Si registra in tal modo il passaggio del “patto di corresponsabilità”: da sottoscrizione per presa visione, e quindi in definitiva accoglimento positivo e favorevole del profilo dell’istituto cui si iscrive il proprio figlio (il POF, il piano programmatico, le modalità organizzative in tutti i loro aspetti, i vari regolamenti, il bilancio sociale, il profilo didattico curricolare ed extracurricolare che si è dato ecc.), a intervento attivo, cogente e probabilmente decisivo dei genitori nel definire, tracciare, elaborare, scrivere tutto questo.
La frase esplicita e strategica delle linee guida “passaggio dalla programmazione pianificata alla progettazione partecipata, dall’informazione alla consultazione, dalle responsabilità istituzionali alle responsabilità condivise” , nasconde l’idea di una destrutturazione della democrazia rappresentativa in democrazia diretta (presunta).
Nasconde anche la trasformazione della libertà di insegnamento in insegnamento a responsabilità limitata, della distinzione di ruoli e competenze in un indistinto ruolo di educatore: mentre essi sono due ruoli distinti, quello di genitore e quello di docente.
Figure che devono comunque collaborare, nell’interesse del giovane in formazione e della società tutta.
I genitori, così come gli studenti, devono esercitare il potere decisionale nell’istituto a ciò preposto dalla legge, che disegna la scuola come sede di democrazia rappresentativa: gli Organi Collegiali, pur se da riformare, ammodernare , potenziare.
Alle famiglie la legittima libertà di scelta della scuola cui iscrivere il figlio e ruoli importanti come : controllo sociale, input culturali e organizzativi, valutazione, orientamento, espressione di bisogni ed esigenze.
Le linee guida prefigurano altro : dietro il concetto articolato e profondo del valore della partecipazione – trasparenza -diritti, celano la potenziale alterazione dei due principi basilari della scuola di stato: la democrazia rappresentativa e la competenza autonoma dei docenti di elaborare il piano didattico- culturale dell’Istituto.

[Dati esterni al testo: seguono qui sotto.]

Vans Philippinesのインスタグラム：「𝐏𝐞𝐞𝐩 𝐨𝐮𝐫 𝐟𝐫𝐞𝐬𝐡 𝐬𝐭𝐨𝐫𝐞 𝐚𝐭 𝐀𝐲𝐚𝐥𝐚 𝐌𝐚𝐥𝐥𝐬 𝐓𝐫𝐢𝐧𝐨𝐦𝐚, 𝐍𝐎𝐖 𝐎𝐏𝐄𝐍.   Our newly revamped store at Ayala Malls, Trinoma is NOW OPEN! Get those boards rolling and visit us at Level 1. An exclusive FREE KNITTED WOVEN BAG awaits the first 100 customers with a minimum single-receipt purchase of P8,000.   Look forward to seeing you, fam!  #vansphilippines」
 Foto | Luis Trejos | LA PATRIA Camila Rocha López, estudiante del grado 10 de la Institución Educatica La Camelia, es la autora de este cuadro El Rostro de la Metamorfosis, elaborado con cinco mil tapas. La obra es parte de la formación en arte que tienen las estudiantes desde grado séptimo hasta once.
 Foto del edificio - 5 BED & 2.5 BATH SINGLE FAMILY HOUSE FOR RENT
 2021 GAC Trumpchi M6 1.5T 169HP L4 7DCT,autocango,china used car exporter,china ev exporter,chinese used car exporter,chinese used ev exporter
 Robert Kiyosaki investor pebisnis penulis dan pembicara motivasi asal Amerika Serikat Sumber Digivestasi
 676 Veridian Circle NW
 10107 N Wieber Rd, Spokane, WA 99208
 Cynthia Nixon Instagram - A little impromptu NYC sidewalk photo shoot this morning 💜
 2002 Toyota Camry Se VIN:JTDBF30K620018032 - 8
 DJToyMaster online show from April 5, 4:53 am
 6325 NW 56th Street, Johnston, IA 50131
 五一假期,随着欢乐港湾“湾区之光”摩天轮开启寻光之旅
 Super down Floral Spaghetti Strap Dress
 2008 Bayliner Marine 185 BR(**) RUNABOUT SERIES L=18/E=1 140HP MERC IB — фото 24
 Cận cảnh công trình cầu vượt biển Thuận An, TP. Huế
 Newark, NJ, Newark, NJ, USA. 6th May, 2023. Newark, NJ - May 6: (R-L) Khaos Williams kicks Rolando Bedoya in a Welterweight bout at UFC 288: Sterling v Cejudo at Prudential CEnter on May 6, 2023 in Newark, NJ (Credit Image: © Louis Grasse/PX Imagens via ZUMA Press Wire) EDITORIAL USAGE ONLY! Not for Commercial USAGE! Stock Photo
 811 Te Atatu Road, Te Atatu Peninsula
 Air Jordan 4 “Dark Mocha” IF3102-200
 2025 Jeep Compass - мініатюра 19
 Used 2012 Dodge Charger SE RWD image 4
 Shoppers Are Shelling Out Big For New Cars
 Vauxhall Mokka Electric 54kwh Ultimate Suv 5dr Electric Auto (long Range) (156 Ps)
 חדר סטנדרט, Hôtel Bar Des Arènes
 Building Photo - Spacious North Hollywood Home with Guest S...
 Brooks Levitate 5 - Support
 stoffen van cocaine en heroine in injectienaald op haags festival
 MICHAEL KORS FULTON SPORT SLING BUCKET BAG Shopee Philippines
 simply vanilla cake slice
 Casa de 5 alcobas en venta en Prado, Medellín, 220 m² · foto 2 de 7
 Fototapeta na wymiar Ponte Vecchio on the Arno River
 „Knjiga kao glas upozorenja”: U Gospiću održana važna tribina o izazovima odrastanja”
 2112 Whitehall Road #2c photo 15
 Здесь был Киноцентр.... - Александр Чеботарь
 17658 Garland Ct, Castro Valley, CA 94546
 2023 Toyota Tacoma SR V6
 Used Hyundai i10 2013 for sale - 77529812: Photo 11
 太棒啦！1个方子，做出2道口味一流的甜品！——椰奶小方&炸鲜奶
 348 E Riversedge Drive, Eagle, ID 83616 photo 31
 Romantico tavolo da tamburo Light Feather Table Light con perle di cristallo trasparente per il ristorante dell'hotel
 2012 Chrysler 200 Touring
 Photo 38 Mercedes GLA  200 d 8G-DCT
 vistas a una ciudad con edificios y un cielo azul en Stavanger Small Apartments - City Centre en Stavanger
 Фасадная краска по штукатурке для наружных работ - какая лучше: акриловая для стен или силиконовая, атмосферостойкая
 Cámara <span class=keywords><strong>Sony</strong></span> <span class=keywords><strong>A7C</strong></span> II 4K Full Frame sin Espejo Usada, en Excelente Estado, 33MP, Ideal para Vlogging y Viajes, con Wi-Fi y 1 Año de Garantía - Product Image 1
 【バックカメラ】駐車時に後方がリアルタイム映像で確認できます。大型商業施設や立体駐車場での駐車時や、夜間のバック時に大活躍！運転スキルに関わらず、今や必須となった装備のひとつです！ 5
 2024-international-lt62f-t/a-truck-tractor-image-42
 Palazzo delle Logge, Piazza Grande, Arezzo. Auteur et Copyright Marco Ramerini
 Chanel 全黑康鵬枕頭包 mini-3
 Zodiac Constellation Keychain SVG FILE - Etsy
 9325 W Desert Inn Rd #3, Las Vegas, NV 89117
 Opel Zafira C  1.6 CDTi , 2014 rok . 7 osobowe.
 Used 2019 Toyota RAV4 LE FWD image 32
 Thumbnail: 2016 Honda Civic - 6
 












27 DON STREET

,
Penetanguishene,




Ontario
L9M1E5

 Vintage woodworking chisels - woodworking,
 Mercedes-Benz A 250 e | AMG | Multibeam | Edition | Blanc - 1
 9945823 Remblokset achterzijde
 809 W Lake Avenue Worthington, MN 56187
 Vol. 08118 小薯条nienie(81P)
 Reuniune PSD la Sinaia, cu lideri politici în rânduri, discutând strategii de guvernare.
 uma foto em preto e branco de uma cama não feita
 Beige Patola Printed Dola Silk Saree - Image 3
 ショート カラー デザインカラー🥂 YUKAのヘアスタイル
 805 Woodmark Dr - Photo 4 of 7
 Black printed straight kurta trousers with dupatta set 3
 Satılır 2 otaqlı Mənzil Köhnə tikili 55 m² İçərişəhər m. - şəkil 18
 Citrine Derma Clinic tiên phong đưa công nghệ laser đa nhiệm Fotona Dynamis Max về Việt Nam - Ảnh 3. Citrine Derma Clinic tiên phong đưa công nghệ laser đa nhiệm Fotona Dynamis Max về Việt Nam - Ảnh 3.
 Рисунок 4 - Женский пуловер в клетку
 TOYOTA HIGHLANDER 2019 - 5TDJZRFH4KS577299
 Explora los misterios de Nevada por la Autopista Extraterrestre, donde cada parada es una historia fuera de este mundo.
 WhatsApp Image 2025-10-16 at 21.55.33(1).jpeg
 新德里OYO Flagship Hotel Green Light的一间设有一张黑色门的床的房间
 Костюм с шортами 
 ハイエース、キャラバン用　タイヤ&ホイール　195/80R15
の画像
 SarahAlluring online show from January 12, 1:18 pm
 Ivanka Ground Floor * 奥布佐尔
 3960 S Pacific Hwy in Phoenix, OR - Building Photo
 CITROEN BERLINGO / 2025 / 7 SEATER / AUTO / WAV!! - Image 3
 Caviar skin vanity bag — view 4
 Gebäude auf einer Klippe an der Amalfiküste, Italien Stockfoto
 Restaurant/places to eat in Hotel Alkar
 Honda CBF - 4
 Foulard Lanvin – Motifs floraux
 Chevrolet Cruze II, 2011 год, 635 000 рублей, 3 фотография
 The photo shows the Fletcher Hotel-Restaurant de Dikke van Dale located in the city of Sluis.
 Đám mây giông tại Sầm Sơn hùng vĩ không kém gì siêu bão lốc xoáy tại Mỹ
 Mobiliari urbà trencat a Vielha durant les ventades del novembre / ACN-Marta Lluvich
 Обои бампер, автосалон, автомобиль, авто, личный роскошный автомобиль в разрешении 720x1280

Cioè il principio costituzionale della libertà di insegnamento, che non vuol dire che il docente fa quello che gli pare, ma vuol dire che esercita responsabilmente la propria libertà culturale, comunque all’interno di una organizzazione fortemente strutturata, in cui tutti sono chiamati a rendere conto: l’istituto, il dirigente, gli OO.CC, il singolo docente, gli alunni, i genitori, gli ATA.
Questa del patto di corresponsabilità non è solo una partita culturale/ideologica/antropologica (già questo la renderebbe una partita strategica di assoluta rilevanza storica), ma è anche una partita politica nel senso alto del termine. Verso quale democrazia intende muoversi l’Italia?
Vorremmo fosse chiaro che ogni singola scuola è chiamata non a definire ( né da sola, né con i genitori) le coordinate valoriali in quanto già sancite dalla Costituzione Italiana, bensì il modo di declinarle. Se genitori, docenti o Dirigenti di una scuola dovessero condividere uno o più valori contraddittori con quelli costituzionali ( cosa che potrebbe accadere, ad esempio in tema di rispetto per le diversità vista la feroce campagna anti-gender in atto) sarebbe accettabile e legittima solo perché condivisa in quella comunità scolastica?
L’articolo 30 della Costituzione, col richiamo al diritto/dovere dei genitori di garantire istruzione ed educazione ai figli, non va confuso, contrapposto o sovrapposto in modo improprio (o utilizzato come “arma contro”) con il principio costituzionale della libertà di insegnamento; Deve invece muoversi in linea con l’altro diritto, quello allo studio del giovane, o meglio al suo diritto all’apprendimento!
Se così non fosse la scuola italiana rischierebbe di non essere la scuola dell’inclusione e dell’apertura, ma bensì la scuola della chiusura, dei muri, delle appartenenze, del conflitto culturale e sociale.
Cosa che il CGD, per la sua lunga storia di difesa della scuola pubblica, ha combattuto e continuerà a contrastare.